Tiny URLs. Yep. So what's wrong with such a brilliant idea as tiny URLs? Some of those URLs I add to my blogs are real monsters. Well, mind your manners. The only place tiny URLs are appropriate is (IMO) in tweets. And only then because of the character limit to the messages. I rarely click through a tiny URL in an email, even when it comes from a trusted sender (see above about trusted senders not always originating the email). I want to read the address before I click on it. Sure the full URL could look innocent and reroute to a porn site. But it rarely does. I want a clue to where I'm going before I click on the link. Save the trust games for corporate retreats.
Authors get rich promos. This is most of my spam email. Authors, especially indie authors, are a cash cow. Everyone has a service to promote YOUR book to thousands of readers. None of them give actual sales numbers of a real book, none of them give the name of unknown authors who have used their service and made back the membership fee. One of those spam adverts came today. It only costs $200 a year to showcase my books on their website to thousands of readers. Most of the time, they don't have thousands of readers. Finding readers is like herding cats. They come when they are good and ready. Readers are such an mix of people, how does one target them?
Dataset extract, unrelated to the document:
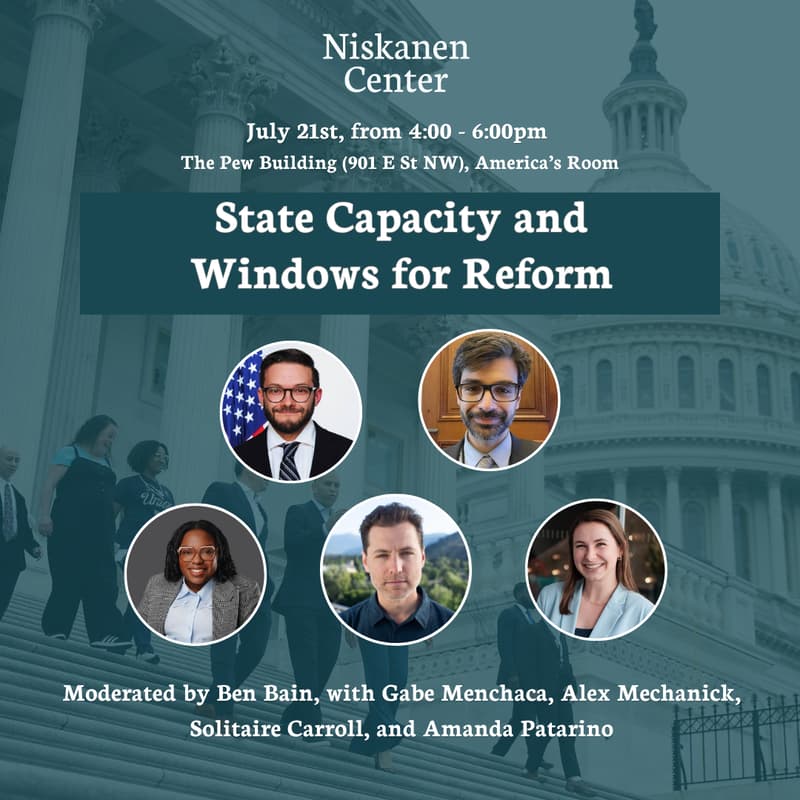 Cover Image for State Capacity and Windows for Reform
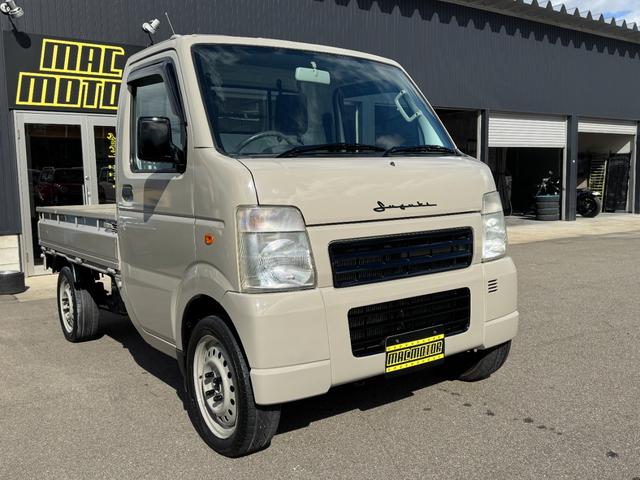 キャリイトラック KC 4WD 5MT エアコン パワステ MACカスタム2トン オーディオパック装備 カスタム14インチ鉄チン 新品LEDライト シートカバー レトロエンブレムカッティング グリル塗分け 車内クリーニング(2枚目)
No one knows. There are other sites that range in price much higher than that one -- and they think writers can't do math? I've watched these websites come and go. Yeah, and would I like to buy the Brooklyn Bridge too?
There are (book) PR firms around that say all these sensational things about what they can do. They say exactly what the novices want to hear. The only problem is after years of watching their websites, I've not seen them actually do anything more than make a living off of the fees from authors. In this business what isn't on their website is just as important as the advertising copy on it. If you don't see a list of client books that you can trace to other locations (besides on line retailers) then it is unlikely they have actually made an author any money. Exposure, maybe, but money??? I think we would have heard about that phenomena, just like we heard about The Shack selling hundreds of thousands of books. That success can be found in unrelated, independent sources.
So, what works in marketing books? Mostly it is endorsements from trusted sources.